Dean: That's what I talk about, is that Max Martin, the thing, Justin Timberlake, Katy Perry, Taylor Swift, all these people with all these number one songs, right? They wouldn't be able to tour and do all the things that they do without those songs to carry the load of it, right? That they're essentially, the song is the scale ready algorithm. He's in the studio with them helping them create the best song, songs, compiling them, packaging them, making them real, putting them on the album.
Then, as soon as they're real, his involvement is done. Now, they take the next two or three years and go tour the world bringing, scaling the value of those songs. The value is that people love those songs so much that they want to come see you in concert, and they pay money to do that. But, you have to go, as an artist, and tour the world and do it. That's not the creative part of the business. Max has zero interest in that part, but while Katy Perry is out touring the world, he's in the studio with Justin Timberlake making the next album.
Robin: Yeah.
Dean: That-
Robin: He has the time to think about it.
Dean: That's right.
Robin: And, to go further.
Dean: Yeah, that's it. That kind of thing, he's learning and knows what ... A hit song is very much like marketing automation in a way, right?
Robin: Yeah.
Dean: If you figure out a chassis, you figure out the rhythm, and the chord progressions, and the things that are no different than figuring out a landing page format, or an offer format, or an email sequence.

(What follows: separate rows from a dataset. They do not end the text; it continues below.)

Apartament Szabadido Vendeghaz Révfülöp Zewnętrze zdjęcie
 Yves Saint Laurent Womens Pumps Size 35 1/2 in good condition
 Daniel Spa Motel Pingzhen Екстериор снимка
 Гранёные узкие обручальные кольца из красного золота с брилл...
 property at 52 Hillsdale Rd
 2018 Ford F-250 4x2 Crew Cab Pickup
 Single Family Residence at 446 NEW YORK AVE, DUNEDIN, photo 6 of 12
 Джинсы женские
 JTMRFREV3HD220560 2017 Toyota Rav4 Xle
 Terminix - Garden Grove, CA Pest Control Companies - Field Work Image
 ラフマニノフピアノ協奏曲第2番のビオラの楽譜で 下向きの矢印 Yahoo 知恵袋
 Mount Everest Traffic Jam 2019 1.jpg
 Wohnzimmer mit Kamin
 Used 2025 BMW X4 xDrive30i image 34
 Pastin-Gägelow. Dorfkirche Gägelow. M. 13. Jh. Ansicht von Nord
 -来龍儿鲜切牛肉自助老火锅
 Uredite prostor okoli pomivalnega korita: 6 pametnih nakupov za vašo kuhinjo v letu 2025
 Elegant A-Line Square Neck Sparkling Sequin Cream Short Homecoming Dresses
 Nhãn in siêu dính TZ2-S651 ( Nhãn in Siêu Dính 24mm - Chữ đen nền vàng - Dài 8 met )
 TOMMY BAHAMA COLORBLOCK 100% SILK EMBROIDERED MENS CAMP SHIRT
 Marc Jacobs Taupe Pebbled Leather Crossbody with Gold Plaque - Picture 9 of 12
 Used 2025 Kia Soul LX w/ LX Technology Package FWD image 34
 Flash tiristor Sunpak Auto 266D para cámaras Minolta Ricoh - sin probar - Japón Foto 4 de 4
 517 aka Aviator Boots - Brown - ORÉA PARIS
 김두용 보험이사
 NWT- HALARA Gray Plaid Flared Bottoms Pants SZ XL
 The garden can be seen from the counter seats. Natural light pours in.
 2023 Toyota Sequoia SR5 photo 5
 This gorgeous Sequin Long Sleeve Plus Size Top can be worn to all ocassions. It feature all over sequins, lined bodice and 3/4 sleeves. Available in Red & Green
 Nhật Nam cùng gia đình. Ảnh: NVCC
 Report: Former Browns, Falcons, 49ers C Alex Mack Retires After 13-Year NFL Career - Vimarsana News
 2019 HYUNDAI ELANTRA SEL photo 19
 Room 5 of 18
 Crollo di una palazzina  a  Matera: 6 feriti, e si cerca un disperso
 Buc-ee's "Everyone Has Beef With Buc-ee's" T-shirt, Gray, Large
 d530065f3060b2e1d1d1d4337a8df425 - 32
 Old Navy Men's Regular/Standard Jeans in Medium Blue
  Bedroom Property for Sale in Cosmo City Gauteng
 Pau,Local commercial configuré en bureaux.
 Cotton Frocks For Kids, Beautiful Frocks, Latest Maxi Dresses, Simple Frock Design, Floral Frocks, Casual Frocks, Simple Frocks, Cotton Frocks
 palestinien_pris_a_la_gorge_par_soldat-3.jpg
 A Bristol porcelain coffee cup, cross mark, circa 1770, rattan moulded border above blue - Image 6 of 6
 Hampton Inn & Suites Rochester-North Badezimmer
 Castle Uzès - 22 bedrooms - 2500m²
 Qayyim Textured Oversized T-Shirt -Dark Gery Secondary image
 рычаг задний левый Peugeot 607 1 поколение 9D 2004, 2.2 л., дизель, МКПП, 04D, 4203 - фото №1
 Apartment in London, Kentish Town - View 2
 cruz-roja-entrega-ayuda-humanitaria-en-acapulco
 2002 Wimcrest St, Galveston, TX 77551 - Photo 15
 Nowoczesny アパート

All of those things that your toolkit is coming, and that becomes the most amazing thing. That's where I'm, as I get more and more clarity on this, at 52, I wish that I had this level of clarity at 25. Because, I wouldn't have gone against what my natural grain is to beat myself up or feel ... Figuring out how to be good at the thing that everybody fetishizes, which is the execution, which I'm not good at. But, I'm okay with that now, because I'm very successful anyway. It doesn't matter, I have the best life of anybody that I know.
Robin: Yeah.
Dean: I've been able to get away with that for 25, 30 years. Right, and I don't see it slowing down or wanting it to. If I could look back, the same things that bring me joy today, are the things that brought me joy when I was 25. It's spooky, but life is great like that when you really realize it. I would say to go with your gut on this, right? To be looking for those things. If you've already, you're coming from a position, that's why my number ... If you breakdown my top three things of I know I'm being successful when I can wake up every day and ask, "What would I like to do today?" That's about time freedom, right?
Robin: Yeah.
Dean: Then, the second one, my passive revenue exceeds my lifestyle needs, meaning I have confidence in my base business that it keeps things rolling regardless. I don't have to spend the time in that to make it happen. That gives you financial freedom that way, and then the, I'm working on projects I'm excited about and doing my very best work, that is infinitely scalable. Because, I'm going to be excited about many different things over the next 20 years. Doing my very best work is going to constantly evolve, because I know way more about marketing now, than I did 25 years ago. My best work now is much better than my best work when I was 25. I imagine that at 75, my best work is going to be better than my work at 50, because I've been now honing down, narrowing down, narrowing down to this is the thing that I do better than anybody in the world.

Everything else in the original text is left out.